イラン情勢は国際社会から注目を集め続けている。国際原子力機関(IAEA)は10日、イランが濃縮ウランの生産を加速していると発表した。IAEAの天野之弥事務局長は同日、現在の緊張情勢を懸念していると強調し、対話により危機を解消するよう呼びかけた。日本の安倍晋三首相は12日にテヘランを訪問し、緊張する米国とイランの調停を試みる。これに先立ちドイツのマース外相がイランを訪問し、ロウハニ大統領やザリフ外相と会談した。国際社会のイラン情勢への注目が浮き彫りになった。

ロイター通信の11日の報道によると、天野氏は10日、イランがすでに濃縮ウランの生産加速という脅迫を実行に移していると述べた。イランの濃縮ウランの生産量は従来を上回っているが、イラン核合意の上限にいつ達するかは不明瞭だ。天野氏は10日にウィーンで開かれた記者会見で、前回の四半期報告が発表されてからイランの濃縮ウラン生産能力に増加はあったかと質問を受けた。天野氏は迷わず「そのとおりで、生産量が拡大中だ」と答えた。また核問題のエスカレートを懸念しており、対話により現在の緊張を和らげたいと強調した。「イランが現在、核合意の約束を十分に実行することが極めて重要だ」

中東のニュースサイトは11日、天野氏は濃縮ウランの生産拡大に関する具体的な数値を示さなかったと伝えた。IAEAはこれまで、イランが「核合意を守ってきた」と判断していた。前回発表された報告では、イランが5月20日まで合意を守っていたことになっている。IAEAが今回調子を変えたことは、状況がすでに深刻化していることを意味する。米国務省のモーガン・オータガス報道官は11日、IAEAの発見はイランが間違った方向に進んでおり、世界の平和と安全を持続的に脅かしていることを示していると述べた。
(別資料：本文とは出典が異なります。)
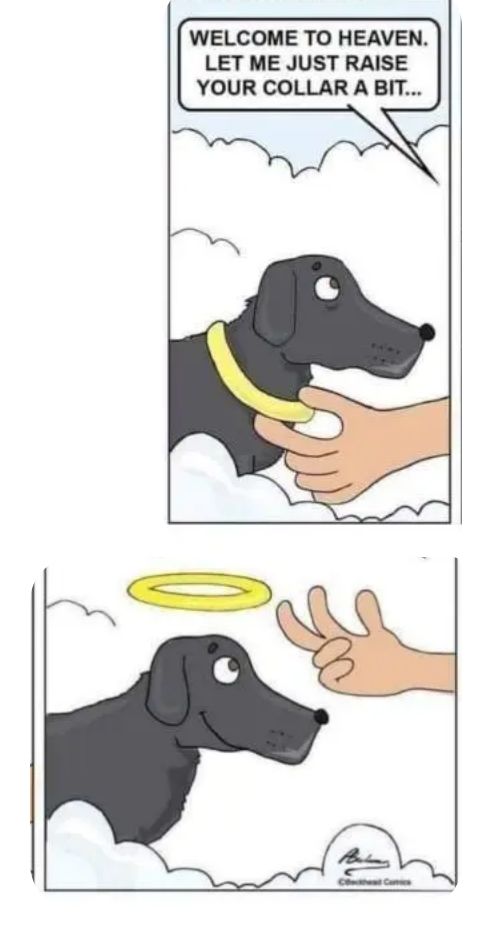 WELCOME TO HEAVEN LET ME JUST RAISE YOUR COLLAR A BIT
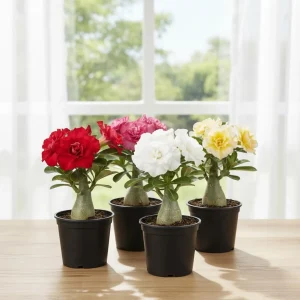 Desert Rose Live Plant 4-8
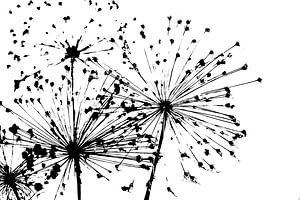Moderne Blumen in Schwarz und Weiß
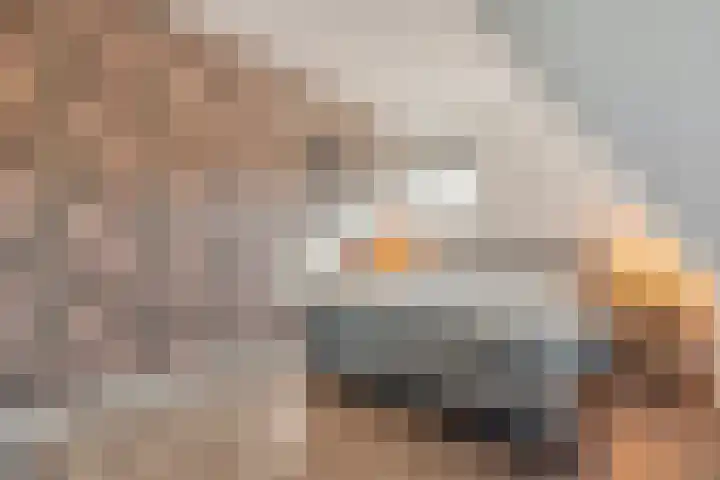 de Marke 9 Dalerveen thumbnail 45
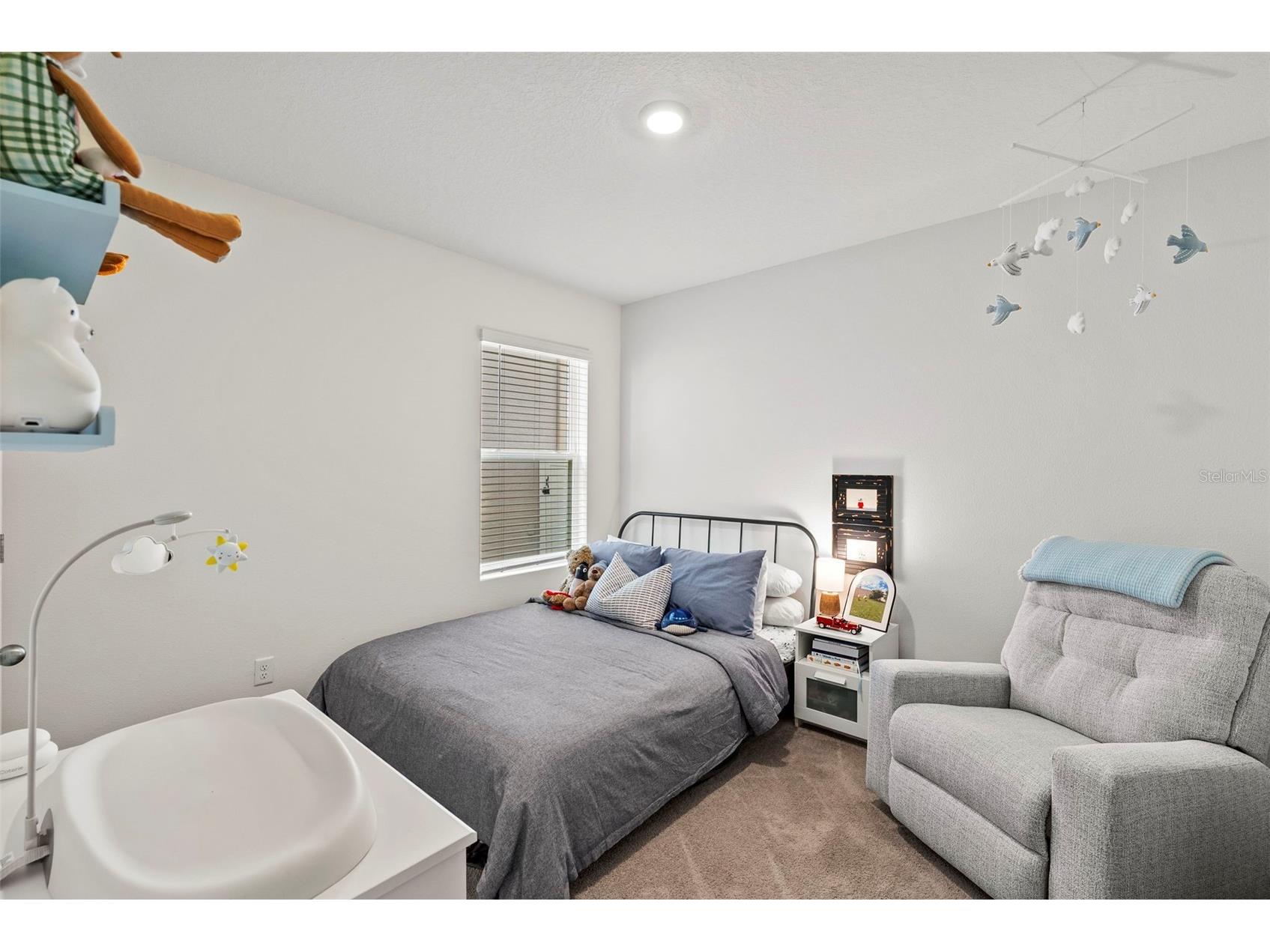 33607 Hamilton Hill Lane Wesley Chapel FL 33545 TB8525207 image15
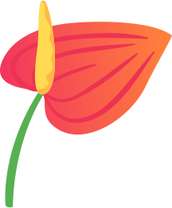Elemento Flores Png Transparente (2)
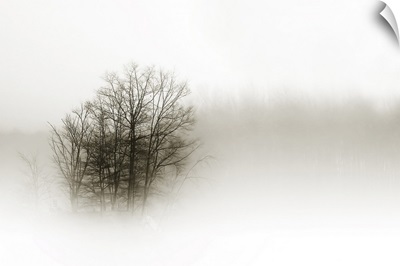 In the Mist II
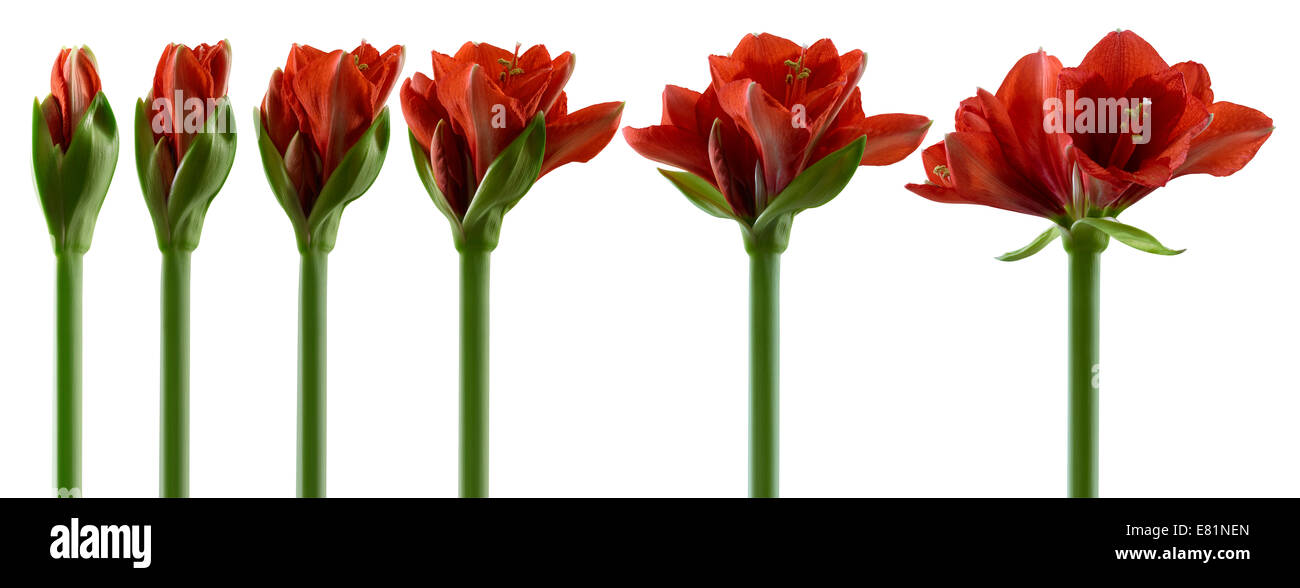 Amaryllis, fiori in vari stadi di crescita, dall'bud apertura alla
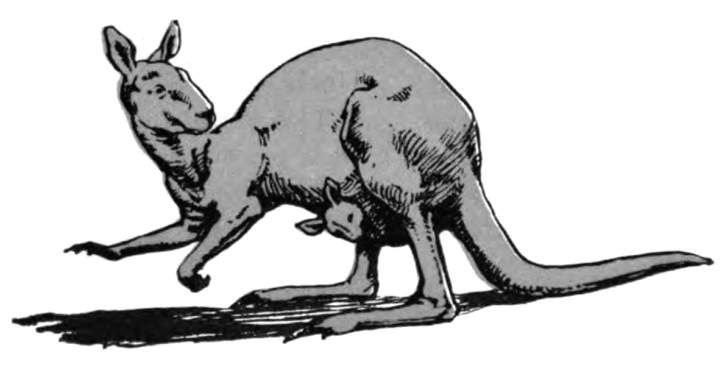 A kangaroo and joey.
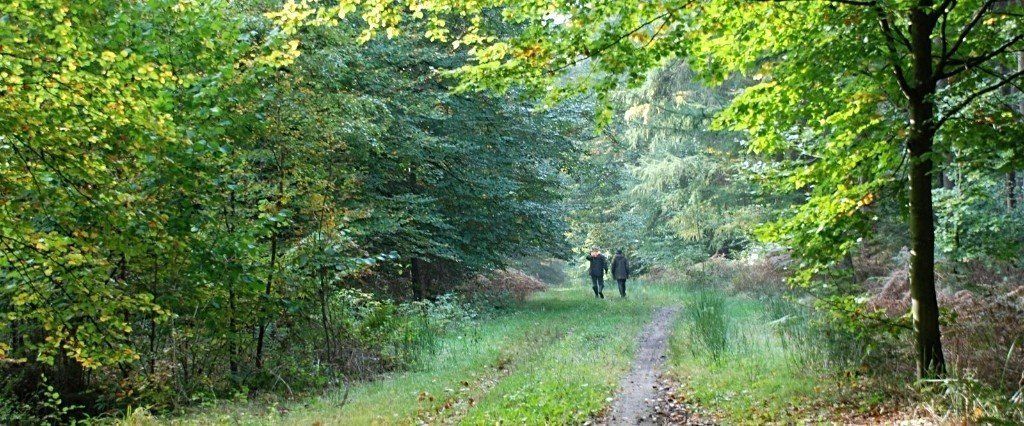 Schweißhunde Prüfung 2017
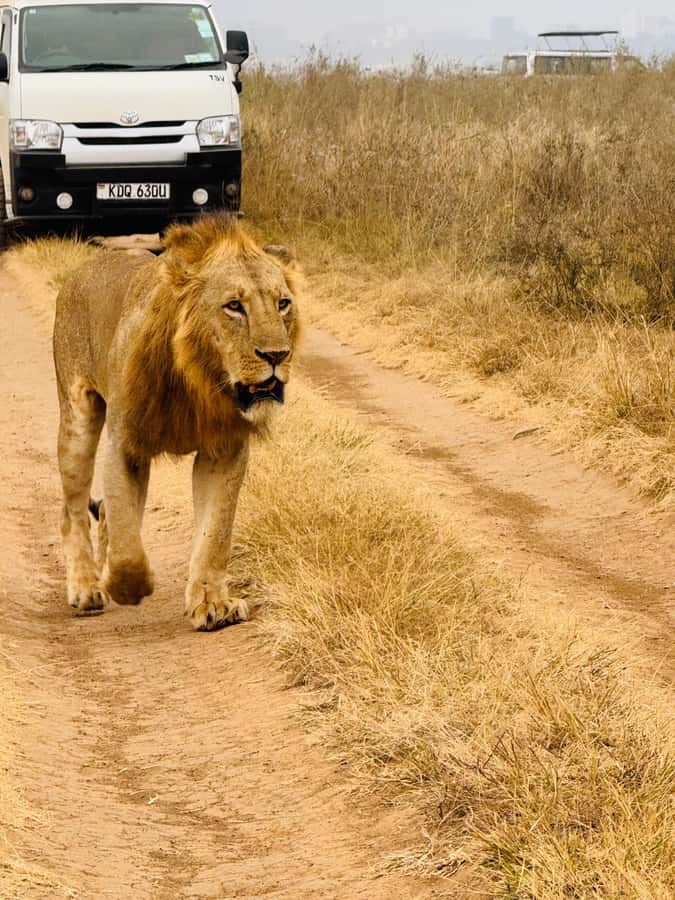 Half day Nairobi National Park with free pick up - Practical tips for a smoother morning
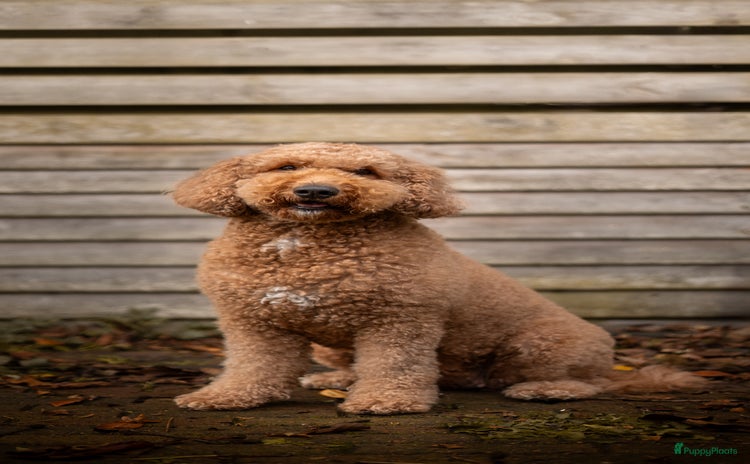 Goldendoodle honden  Prachtige F3 Doodle Pups van Roos & Sem - Advertentie 2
アル・ジャジーラは11日、日本の安倍晋三首相が12−14日にかけてイランを訪問し、イランと米国の調停役になろうとしていると伝えた。ロウハニ師と会談するほか、安倍氏はイラン最高指導者ハメネイ師と会談する。11日付エジプト『Al Akhbar』紙によると、安倍氏のテヘラン訪問は、先ほどトランプ米大統領が訪日した際に両氏で決めた計画だ。日本はエネルギーが不足し、その経済発展は中東からの石油輸入に強く依存している。中東の政局の変動は原油価格を押し上げ、日本の戦略的利益に合致しない。しかし中東メディアは、安倍氏が今回の中東訪問で米国とイランの緊張関係を緩和できるかを疑問視しており、安倍氏本人でさえも自信を持っていない。安倍氏は7月の参院選前に外交の成果をアピールする「政治ショー」を演じると分析する声もある。

NHKは11日、イランは今回の首脳会談で安倍氏に対して、イランの立場をトランプ氏に伝えるよう求めると報じた。うち最も重要な内容はイラン産原油の禁輸の解除で、これはイランと米国の対話を実現する最重要ステップだ。双方の食い違いをいかに解消するか、安倍氏の外交の手腕が問われる。